In 2007, in a case involving school desegregation, Supreme Court Chief Justice John Roberts stated what some have always thought was obvious: “The way to stop discrimination on the basis of race is to stop discriminating on the basis of race.” 

But when race is involved in the United States, it’s never that simple.

Cases involving schools and affirmative action historically have been about minorities on one side of the divide and white kids on the other. Minorities have been portrayed as victims; whites, as the privileged ones. But now we’re witnessing something new: disputes with minorities on both sides of the line — Black and Hispanic kids on one side, Asian Americans on the other.

It’s raising a question that must make liberals and progressives, who see themselves as the champion of racial minorities, uncomfortable. Is it fair to discriminate against one minority, Asian Americans, to increase enrollments at some of America’s top schools for other minorities, Blacks and Hispanics? 

The answer to that question will have more than legal ramifications.
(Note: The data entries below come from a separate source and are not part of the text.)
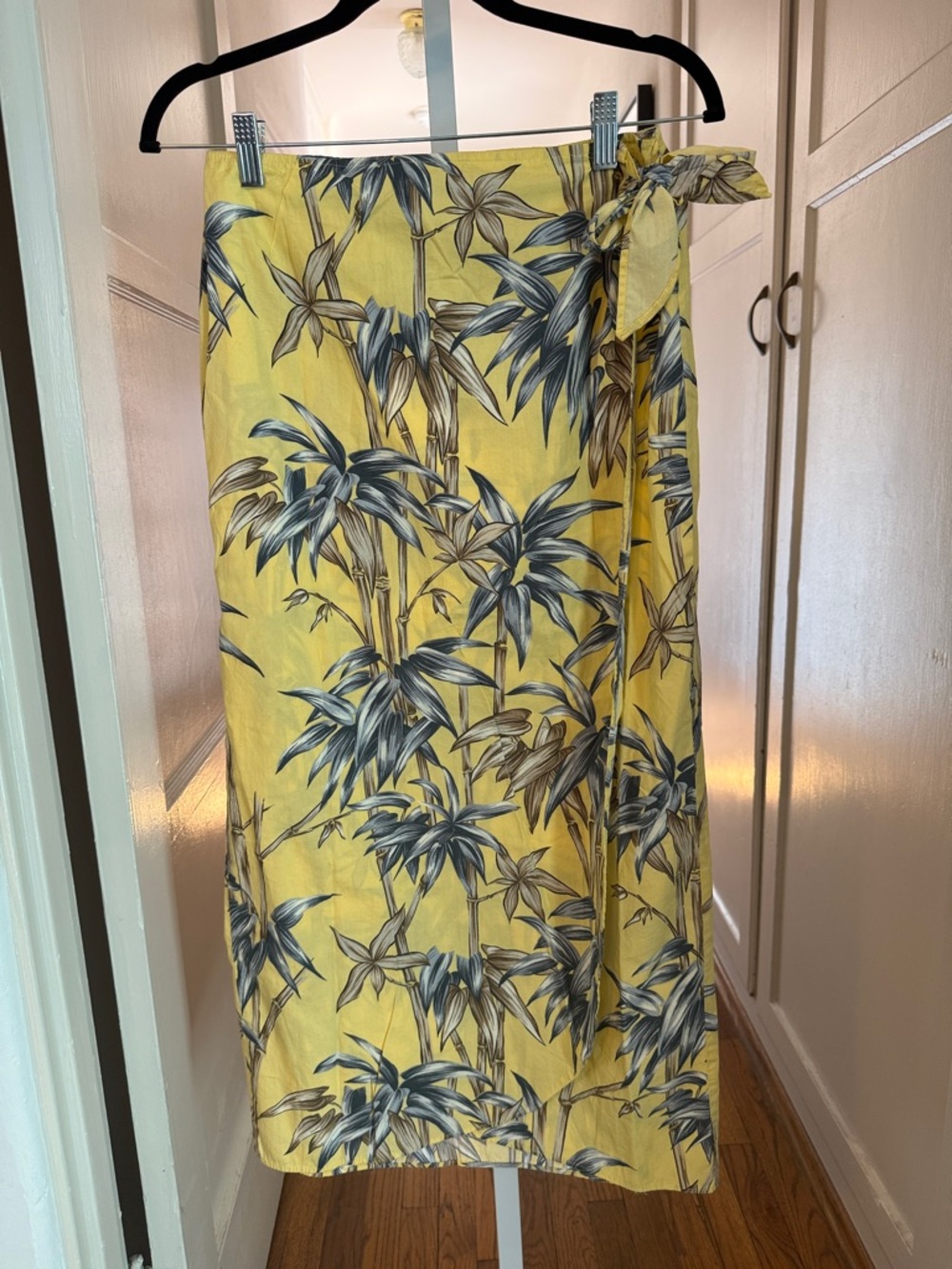 Hilo Hattie Yellow Tropical Bamboo Print Wrap Skirt
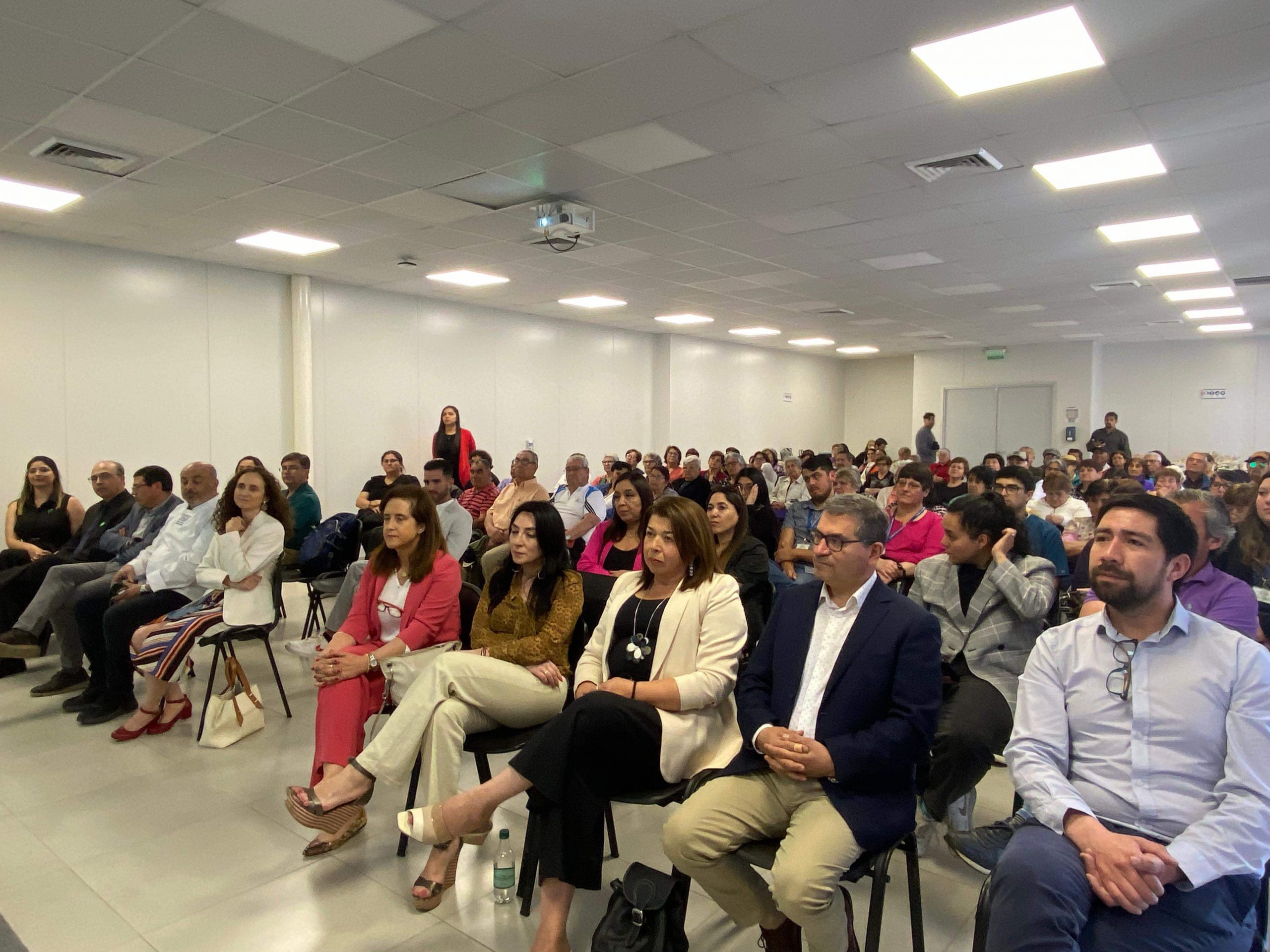 Proyecto Sembrando Vidas del IP-CFT Santo Tomás Talca cerró con éxito y benefició a más de 90 personas mayores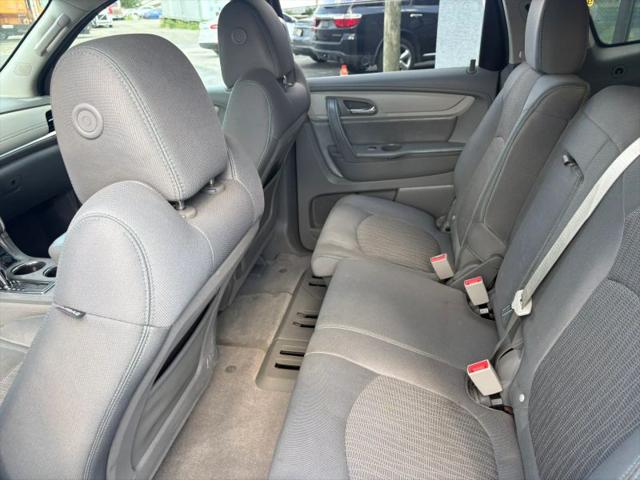 2017 Chevrolet Traverse LS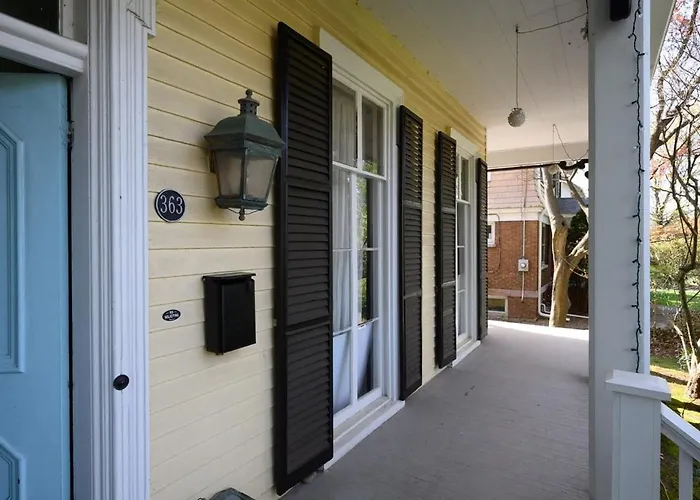 Charming Montclair Victorian Farmhouse With Lots Of Amenities!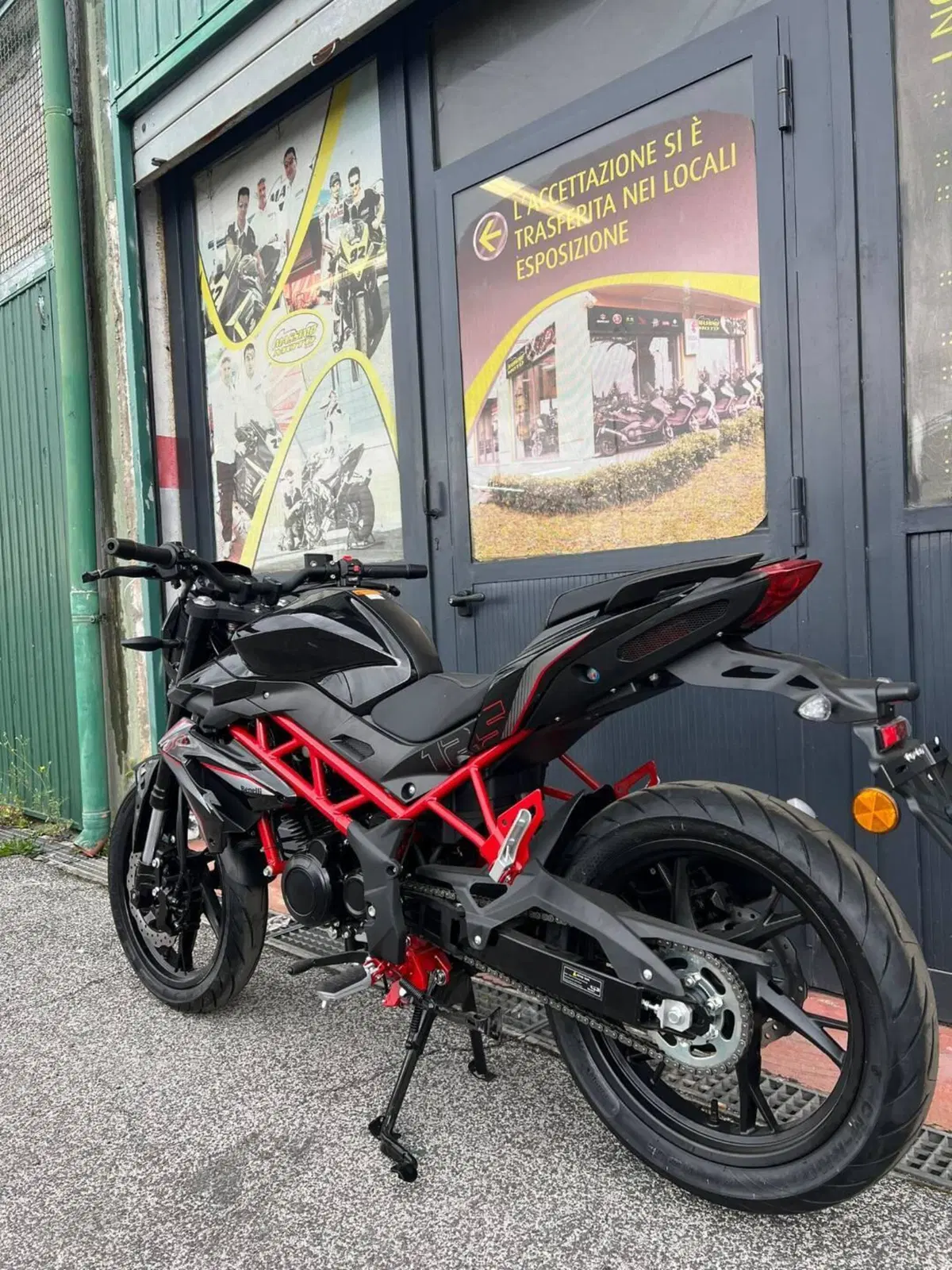 Benelli BN 125 (2021 - 25) (8)
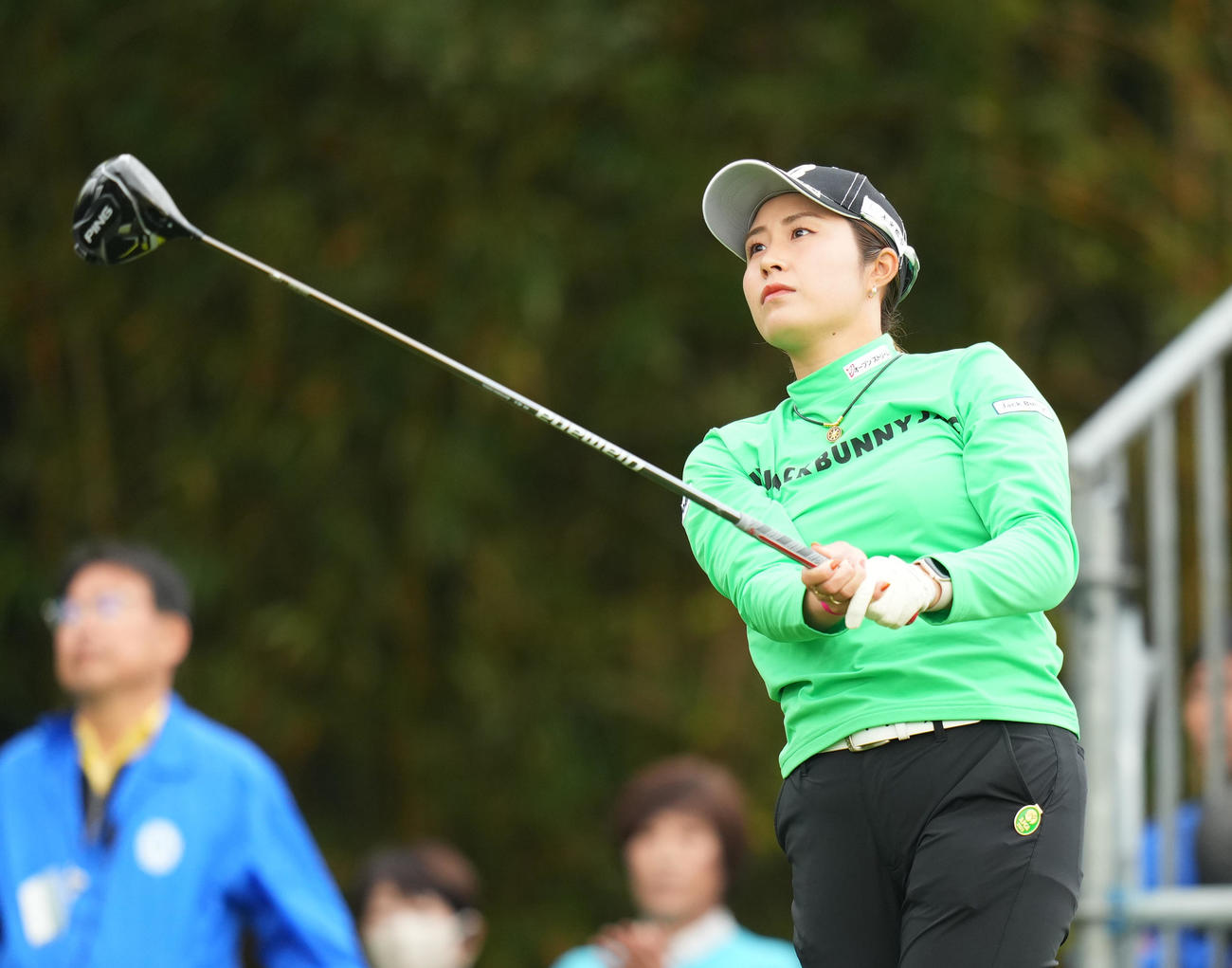 1番、ティーショットを放つ大里（撮影・菅敏）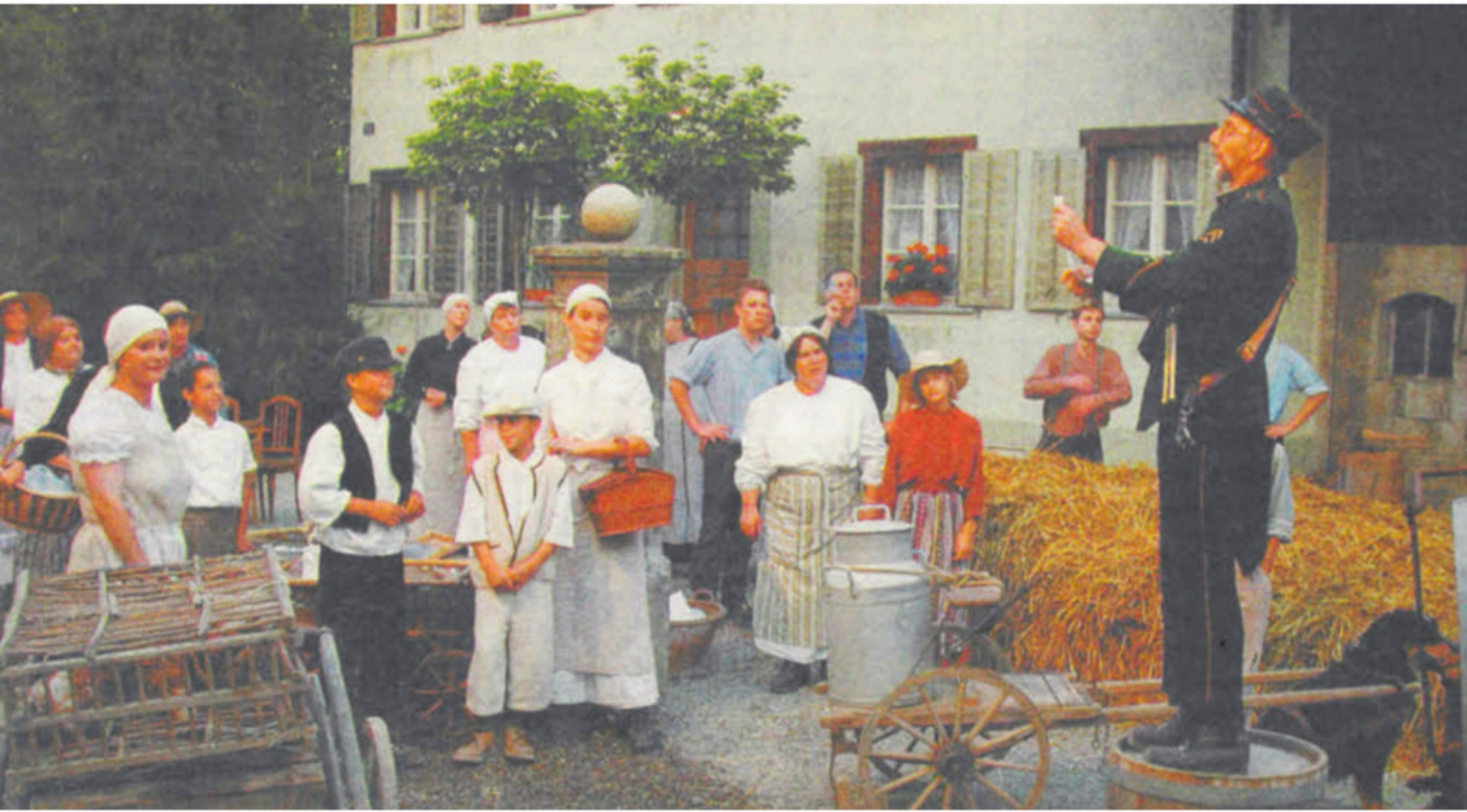 Zum 100-Jahr-Jubiläum führten Niederwil und Nesselnbach das grosse Freilichtspiel «E sone Gmein(d)heit» auf. Jetzt, 25 Jahre später, gibt es zwar kein Theater, aber viel Musik und eine nostalgische Fotoreise. Bild: Archiv - Das Bild wird blockiert. – Möglicherweise durch einen aktiven Adblocker.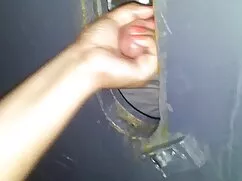 椅子の上で一人でホットタイツ。 女 同士 ...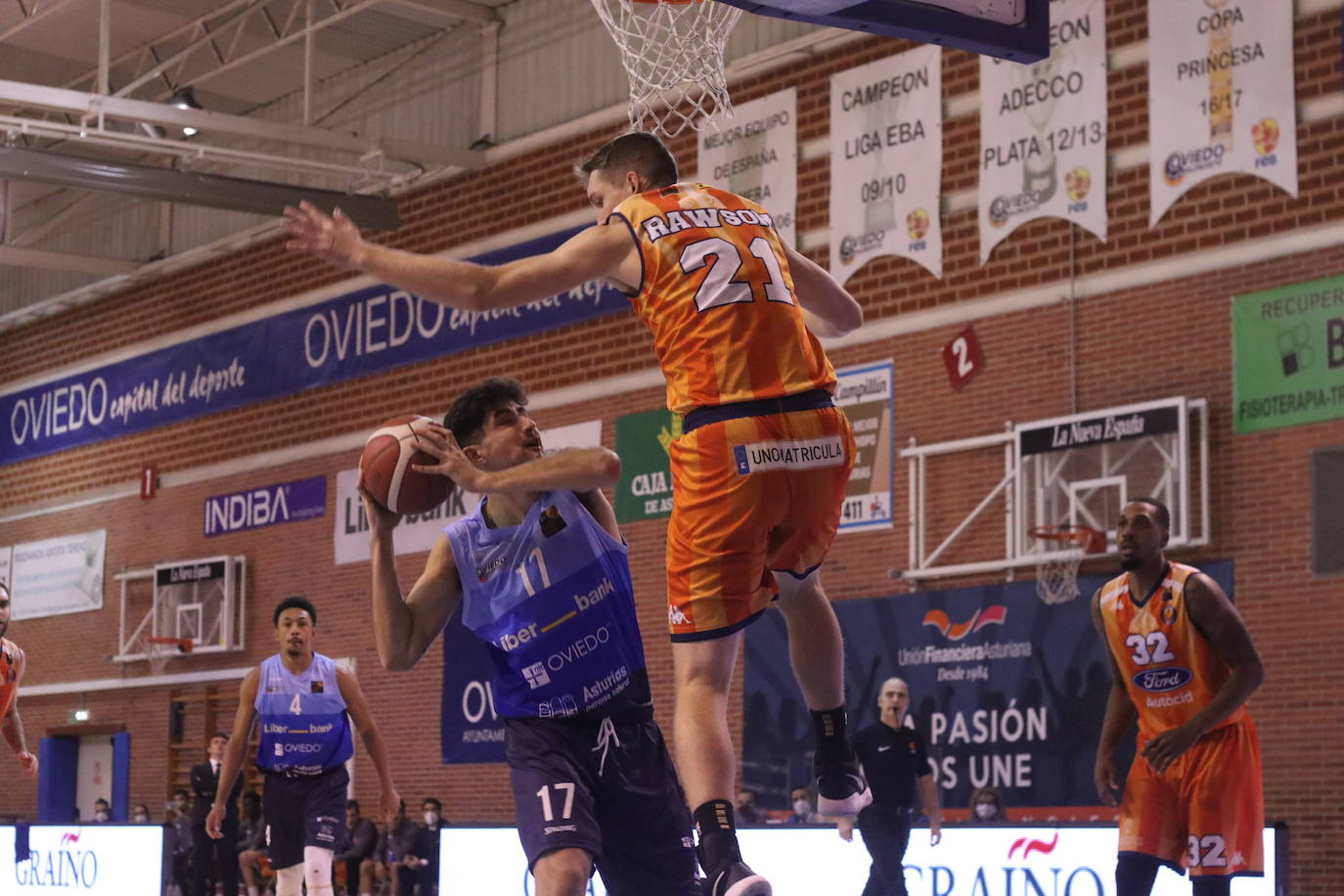 Una mejora en defensa en el último cuarto permitió a los azules despedirse de Pumarín por este 2020 con el cuarto triunfo del año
Politics is deeply ingrained in the debate. Asian voters in this country long have supported the Democratic Party. As the authors of one study put it, “Political differences within the Asian American community are between those who are progressive and those who are even more so.”

But political loyalties now may be up for grabs. As a headline over an opinion piece in the New York Times puts it: “Will Asian Americans Bolt From the Democratic Party?

And Thomas Edsall, a contributor at the Times, goes on to say, “The question now is whether this party loyalty will withstand politically divisive developments that appear to pit Asian Americans against other key Democratic constituencies — as controversies emerge, for example, over progressive education policies that show signs of decreasing access to top schools for Asian Americans in order to increase access for Black and Hispanic students.”

Later this year, the Supreme Court will hear a case involving alleged anti-Asian discrimination at Harvard, where the admissions office set up subjective personality assessments to help decide which students Harvard would accept. And guess what: Those subjective assessments regularly rate Asian Americans as lacking in traits such as courage, leadership and likability. This lowers their admissions scores and makes it easier for Harvard to reject them and free up space for Blacks and Hispanic applicants.

It’s not only at Harvard where this kind of thing allegedly is going on. The ideology of progressive educators has made its way down to lower levels of public education, too.

Two years ago, the school board in Fairfax County, Va., changed its admission standards at Thomas Jefferson High School for Science and Technology, one of the top public schools in the country. Standardized testing requirements were eliminated and replaced by subjective criteria for admissions.

We could sugarcoat this in a number of ways, but it became apparent to everyone that the goal was to bring down the number of Asian American students admitted to the school and increase the number of Blacks and Hispanics.

And it did. After the changes went into effect, Asian enrollment in the school’s freshman class dropped — from around 73 percent to less than 50 percent. Parents filed a lawsuit claiming racial discrimination against their children, and a federal court recently ruled that the school board acted improperly, that the changes they made, as the parents claimed, were unconstitutional.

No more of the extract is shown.